-- Opening Marker --

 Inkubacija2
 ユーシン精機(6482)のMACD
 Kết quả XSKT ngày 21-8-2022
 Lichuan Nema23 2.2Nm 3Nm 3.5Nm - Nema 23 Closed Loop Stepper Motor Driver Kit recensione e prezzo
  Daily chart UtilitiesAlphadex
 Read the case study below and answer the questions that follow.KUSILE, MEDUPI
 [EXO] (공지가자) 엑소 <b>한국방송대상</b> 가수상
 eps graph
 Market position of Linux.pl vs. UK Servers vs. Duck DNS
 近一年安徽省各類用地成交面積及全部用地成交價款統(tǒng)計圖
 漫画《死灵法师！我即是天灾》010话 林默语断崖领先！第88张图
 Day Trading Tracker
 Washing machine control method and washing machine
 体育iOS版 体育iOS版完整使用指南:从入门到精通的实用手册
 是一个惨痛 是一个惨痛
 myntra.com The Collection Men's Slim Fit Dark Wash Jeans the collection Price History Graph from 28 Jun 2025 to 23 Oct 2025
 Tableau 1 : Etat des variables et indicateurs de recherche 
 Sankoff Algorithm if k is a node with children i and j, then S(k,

-- Closing Marker --

## Work request
Copy the lines above, please. Keep them exact.

## Expected answer
 Inkubacija2
 ユーシン精機(6482)のMACD
 Kết quả XSKT ngày 21-8-2022
 Lichuan Nema23 2.2Nm 3Nm 3.5Nm - Nema 23 Closed Loop Stepper Motor Driver Kit recensione e prezzo
  Daily chart UtilitiesAlphadex
 Read the case study below and answer the questions that follow.KUSILE, MEDUPI
 [EXO] (공지가자) 엑소 <b>한국방송대상</b> 가수상
 eps graph
 Market position of Linux.pl vs. UK Servers vs. Duck DNS
 近一年安徽省各類用地成交面積及全部用地成交價款統(tǒng)計圖
 漫画《死灵法师！我即是天灾》010话 林默语断崖领先！第88张图
 Day Trading Tracker
 Washing machine control method and washing machine
 体育iOS版 体育iOS版完整使用指南:从入门到精通的实用手册
 是一个惨痛 是一个惨痛
 myntra.com The Collection Men's Slim Fit Dark Wash Jeans the collection Price History Graph from 28 Jun 2025 to 23 Oct 2025
 Tableau 1 : Etat des variables et indicateurs de recherche 
 Sankoff Algorithm if k is a node with children i and j, then S(k,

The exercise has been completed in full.